§ WHAT IS EXPECTED
As the answer, give exactly the lines of the records below from the one with "reception lobby 3D model" through the one with "18, 2009) Framed", ends included and pictures left out.

§ RECORDS FOR THE TASK
BEGIN

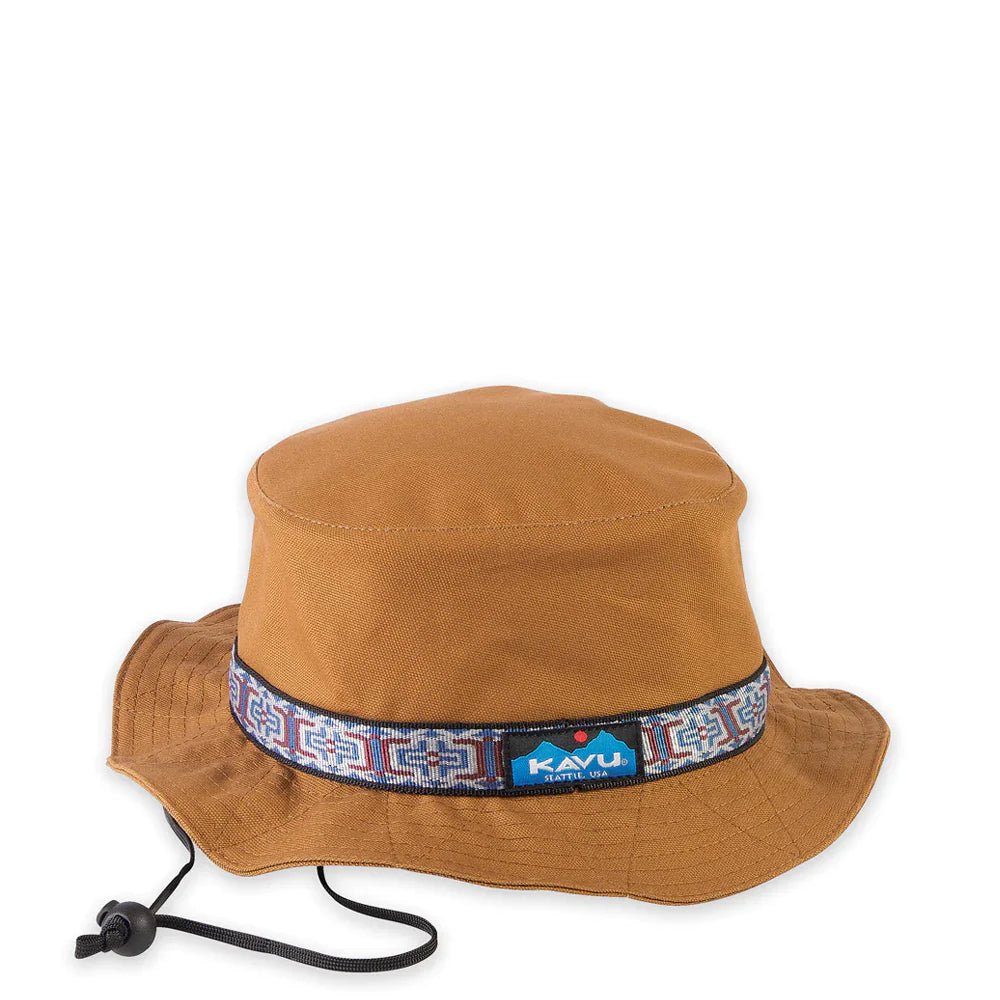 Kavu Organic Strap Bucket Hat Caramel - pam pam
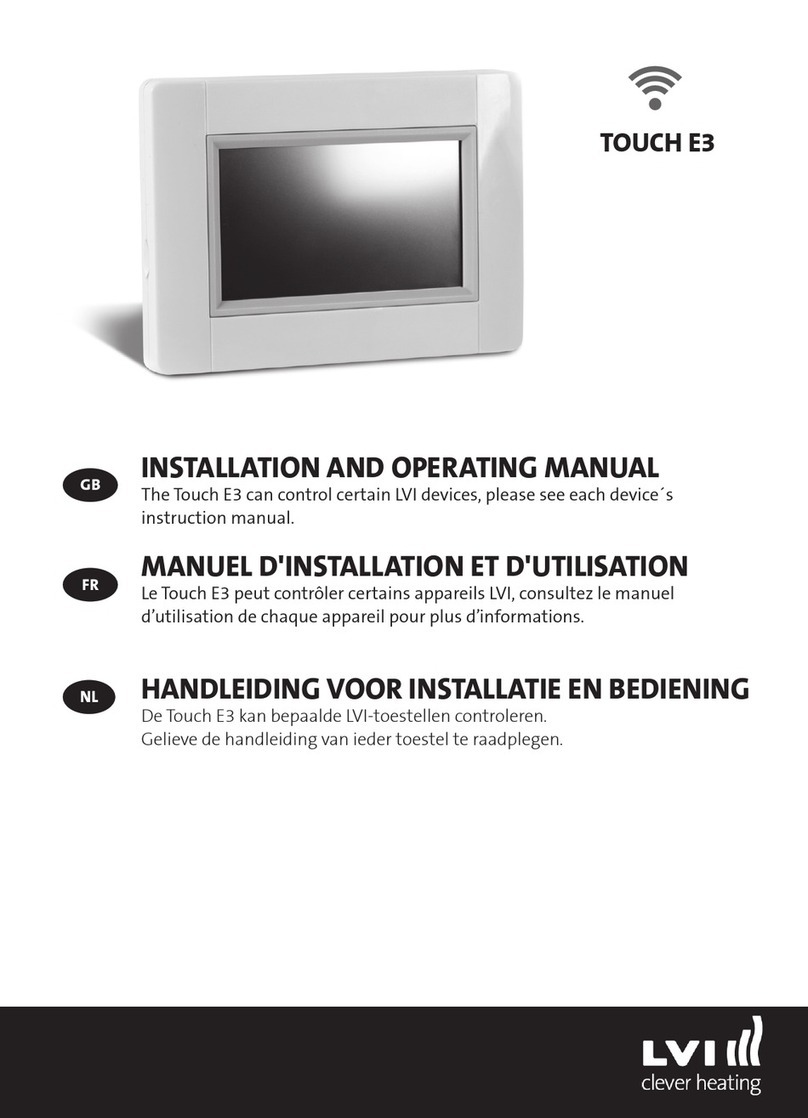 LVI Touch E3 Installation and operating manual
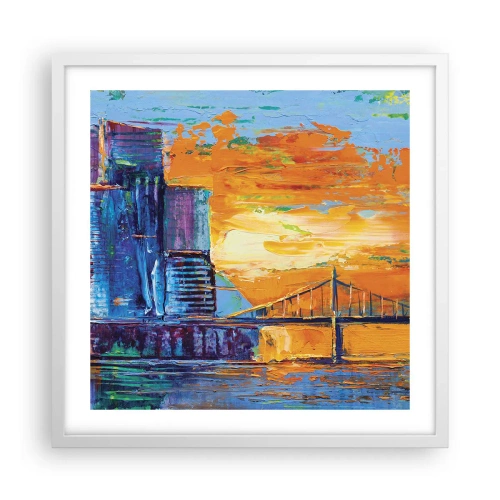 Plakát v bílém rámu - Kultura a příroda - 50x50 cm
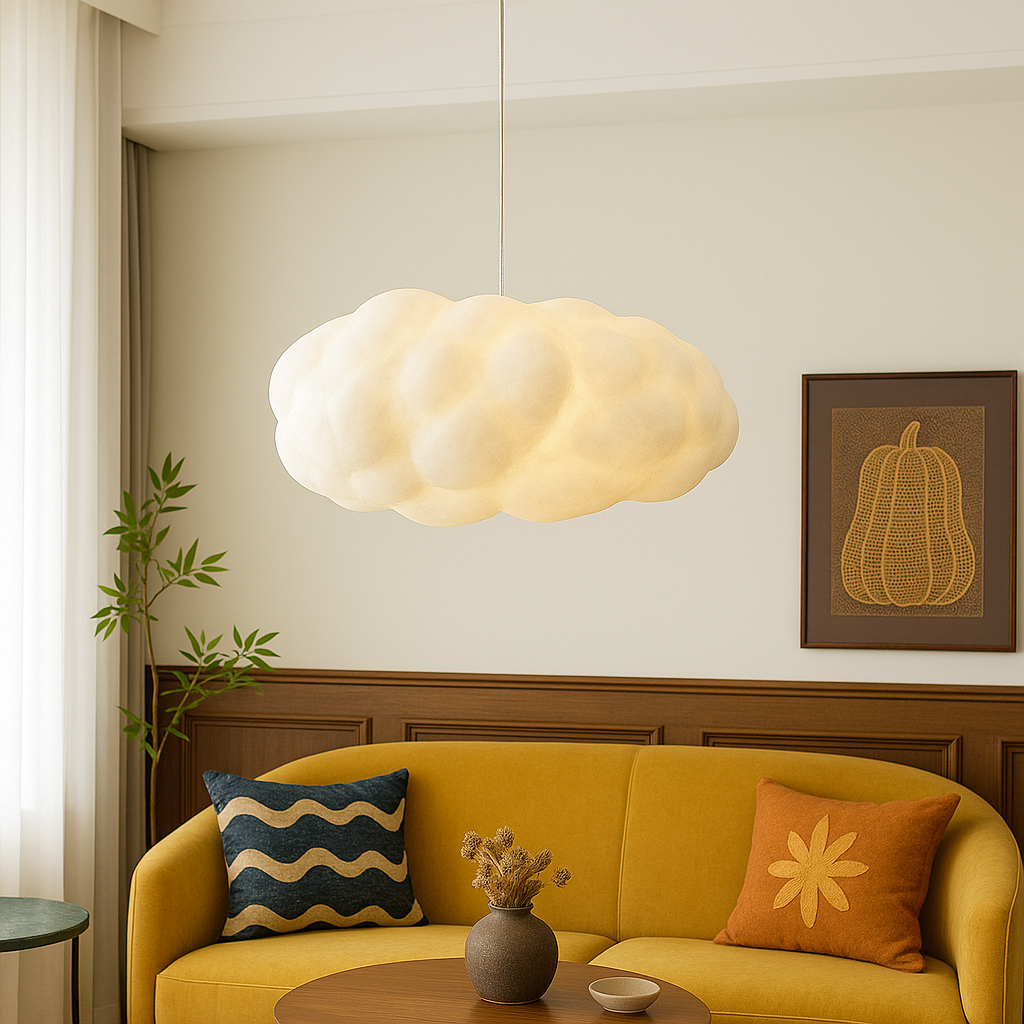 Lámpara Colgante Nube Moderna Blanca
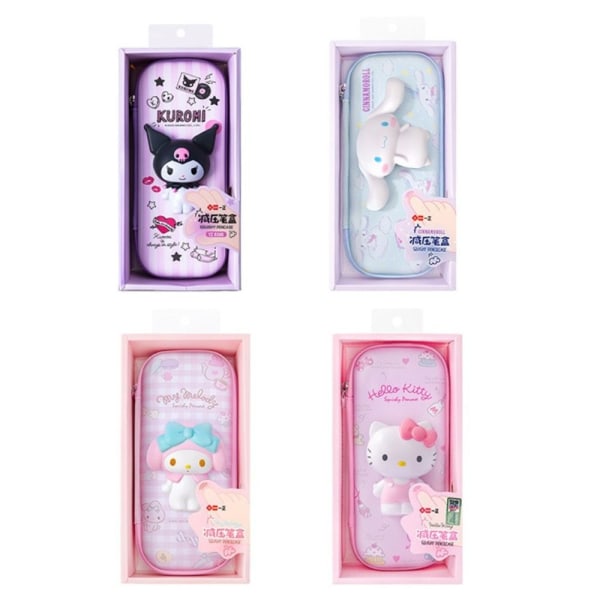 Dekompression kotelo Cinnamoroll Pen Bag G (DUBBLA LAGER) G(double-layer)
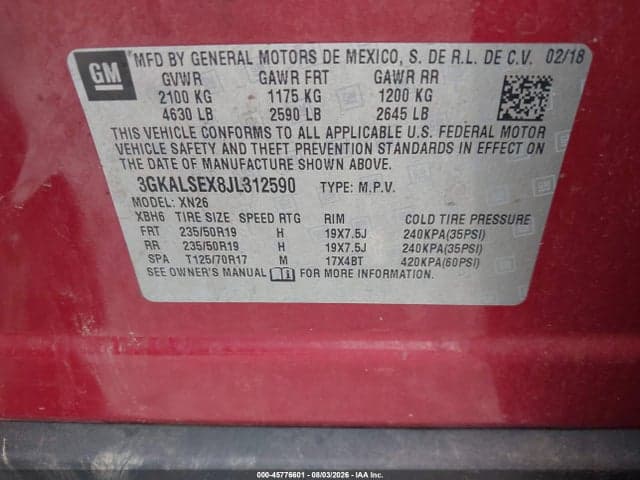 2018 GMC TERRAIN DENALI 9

END
BEGIN

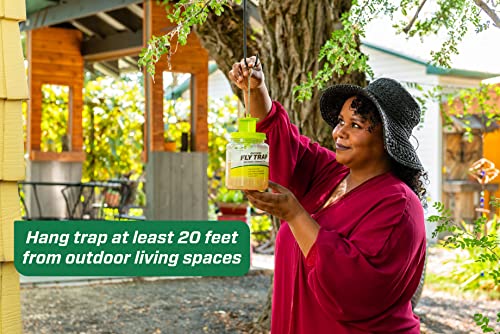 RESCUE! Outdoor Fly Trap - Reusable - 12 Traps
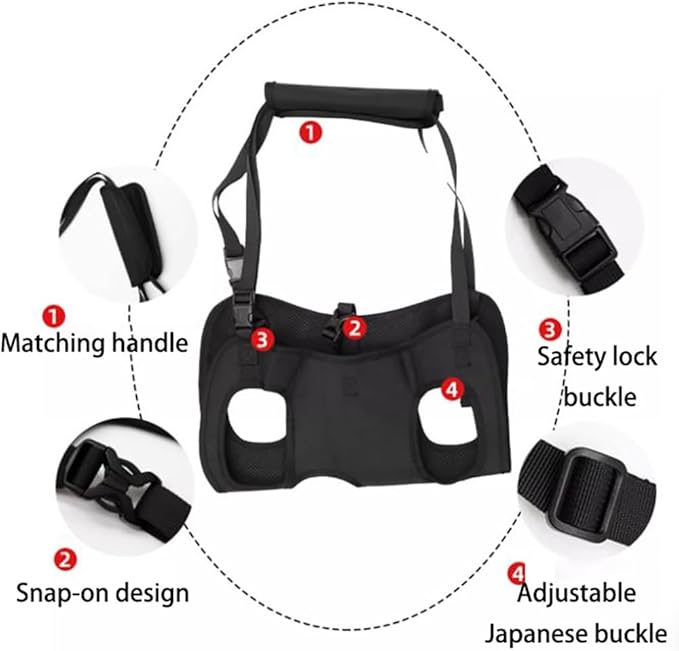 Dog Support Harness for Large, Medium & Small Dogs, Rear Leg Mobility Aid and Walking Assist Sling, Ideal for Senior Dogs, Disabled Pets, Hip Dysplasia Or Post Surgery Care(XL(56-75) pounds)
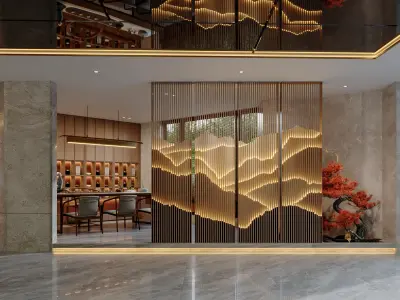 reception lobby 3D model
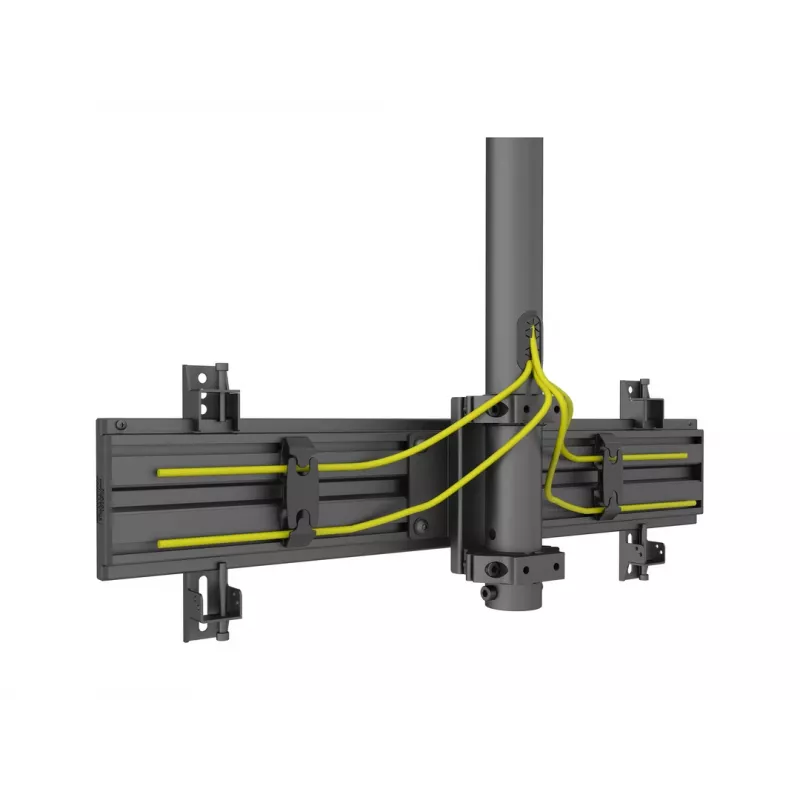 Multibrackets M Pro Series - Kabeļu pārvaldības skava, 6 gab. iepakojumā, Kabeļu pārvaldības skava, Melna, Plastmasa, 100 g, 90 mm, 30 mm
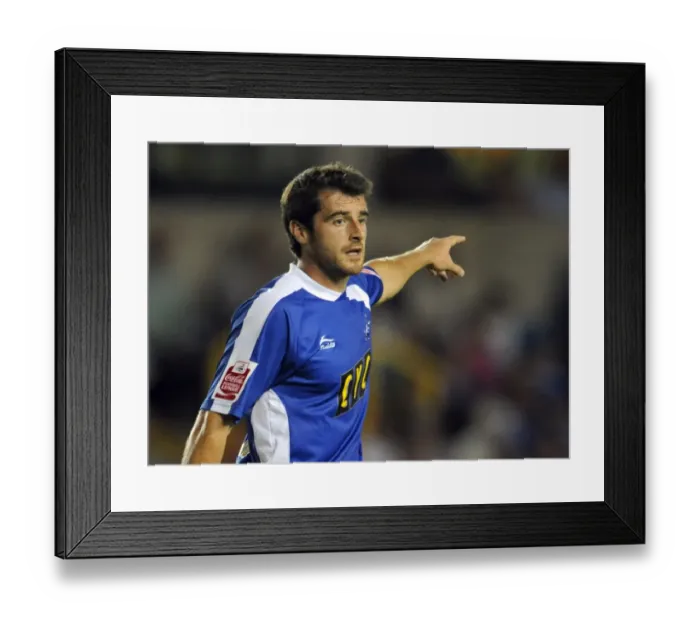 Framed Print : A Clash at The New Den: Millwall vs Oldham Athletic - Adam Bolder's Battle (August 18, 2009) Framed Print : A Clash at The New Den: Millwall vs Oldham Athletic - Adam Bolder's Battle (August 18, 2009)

END

§ TASK SOLUTION
 reception lobby 3D model
 Multibrackets M Pro Series - Kabeļu pārvaldības skava, 6 gab. iepakojumā, Kabeļu pārvaldības skava, Melna, Plastmasa, 100 g, 90 mm, 30 mm
 Framed Print : A Clash at The New Den: Millwall vs Oldham Athletic - Adam Bolder's Battle (August 18, 2009) Framed Print : A Clash at The New Den: Millwall vs Oldham Athletic - Adam Bolder's Battle (August 18, 2009)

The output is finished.